Tuesday, April 30th, 2013
As most of you know- Sky is home! YAY! We will be going back Friday for a CT scan and a readmission Monday for our 7 day stay and 4 days of chemo, one of the chemo drugs she will be receiving twice a day (every 12 hours). We came home to an awesome welcoming involving family! We are still trying to adjust to being home and getting things unpacked and washed and preparing bags for emergent runs or the next stay. Trying to get our ducks in a row. Skylar is still stuck at momma's side (which of course I love), we are probably going to head to bed before too long, been a looooooong- busy day! Hopefully we can get out of the house and see some people before we have to go back!

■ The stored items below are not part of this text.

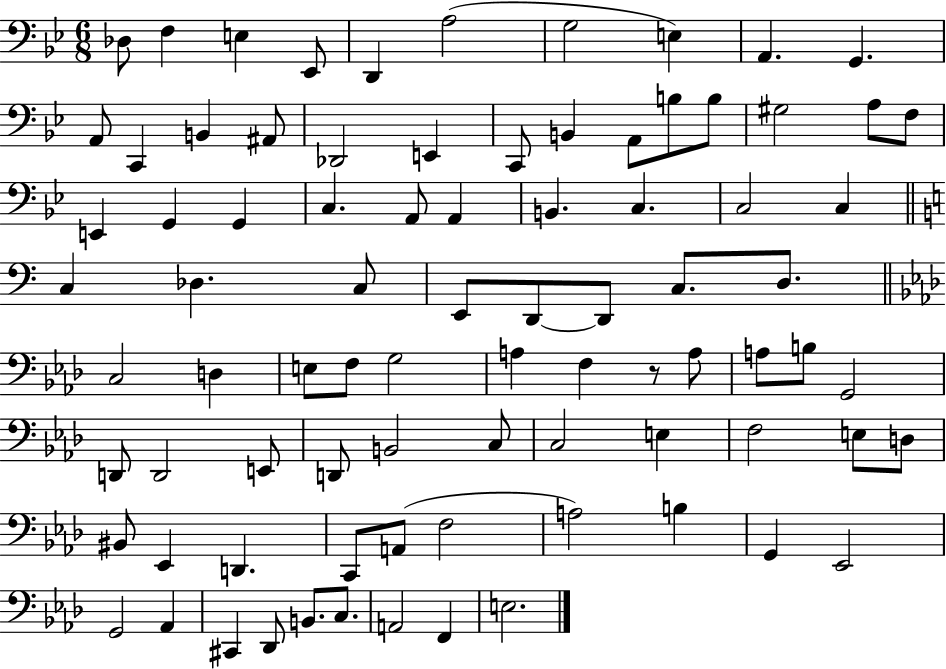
{
  \clef bass
  \numericTimeSignature
  \time 6/8
  \key bes \major
  des8 f4 e4 ees,8 | d,4 a2( | g2 e4) | a,4. g,4. | \break a,8 c,4 b,4 ais,8 | des,2 e,4 | c,8 b,4 a,8 b8 b8 | gis2 a8 f8 | \break e,4 g,4 g,4 | c4. a,8 a,4 | b,4. c4. | c2 c4 | \break \bar "||" \break \key c \major c4 des4. c8 | e,8 d,8~~ d,8 c8. d8. | \bar "||" \break \key f \minor c2 d4 | e8 f8 g2 | a4 f4 r8 a8 | a8 b8 g,2 | \break d,8 d,2 e,8 | d,8 b,2 c8 | c2 e4 | f2 e8 d8 | \break bis,8 ees,4 d,4. | c,8 a,8( f2 | a2) b4 | g,4 ees,2 | \break g,2 aes,4 | cis,4 des,8 b,8. c8. | a,2 f,4 | e2. | \break \bar "|."
}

Thank you all again for all the support =) sending love to you all ♥
Monday, April 29, 2013
Skylar just took her four syringes of medication- Allopurinol (helps to protect her kidneys and prevent build up of uric acid), prednisone (helps with the reduction of size of the tumor), oxycodone (pain), and Bactrim (antibiotic). Some of these taste absolutely horrible (I know, I tried a bit just to see what my baby has to take on a regular basis)... By taking these, just makes her even more of a champ in momma's eyes! She knows how important it is to take them, and she may not like taking them, yet she does it! just goes to show the strength of a child! Over all we had a melancholy kind of day. No real highs and no real lows. Just kind of hung out with mom and walked around a bit- ate quite a bit off and on through out the day. Tomorrow will be hustle and bustle learning new things and preparing to go home.